Would you return exactly the lines below from the line with "Shadow clip art themed. Clipart park object" through the line with "image:imageDREAM PAIRS Girls", both included, and nothing else, leaving out the pictures?

- **TASK MATERIAL**
———

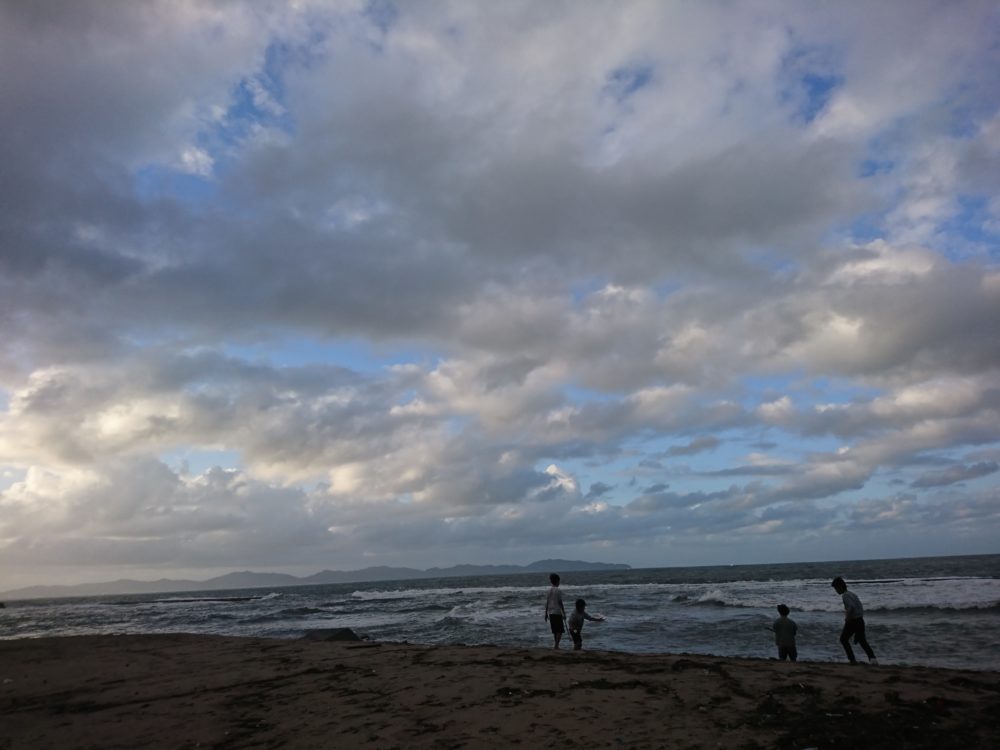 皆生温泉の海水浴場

———

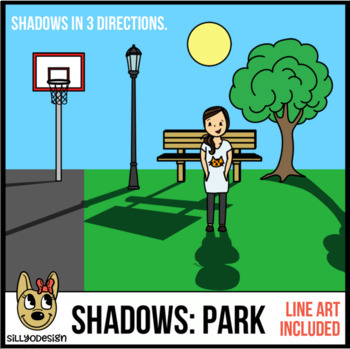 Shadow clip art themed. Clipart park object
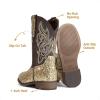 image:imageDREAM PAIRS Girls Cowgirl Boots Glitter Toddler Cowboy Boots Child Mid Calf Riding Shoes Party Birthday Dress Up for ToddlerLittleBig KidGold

———

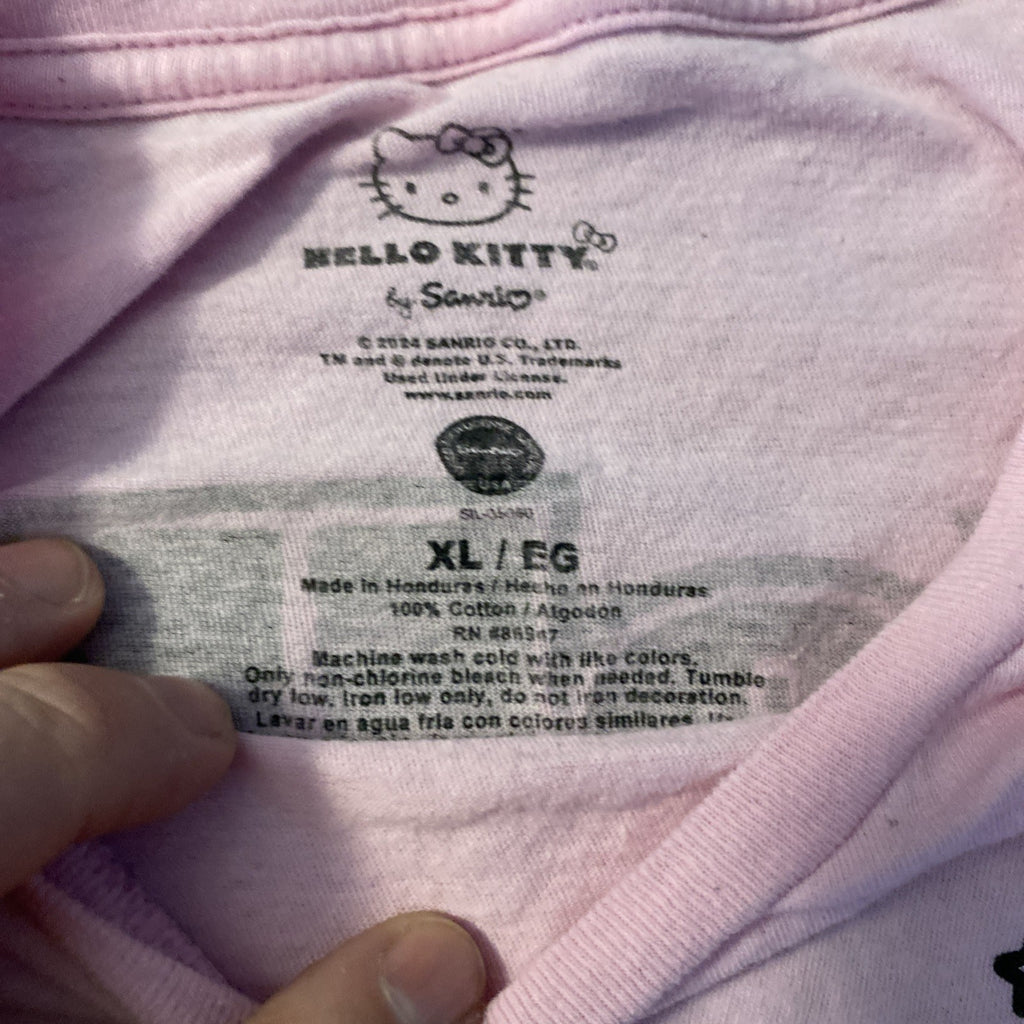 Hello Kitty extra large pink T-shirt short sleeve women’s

———

- **REPLY TO THE TASK**
 Shadow clip art themed. Clipart park object
 image:imageDREAM PAIRS Girls Cowgirl Boots Glitter Toddler Cowboy Boots Child Mid Calf Riding Shoes Party Birthday Dress Up for ToddlerLittleBig KidGold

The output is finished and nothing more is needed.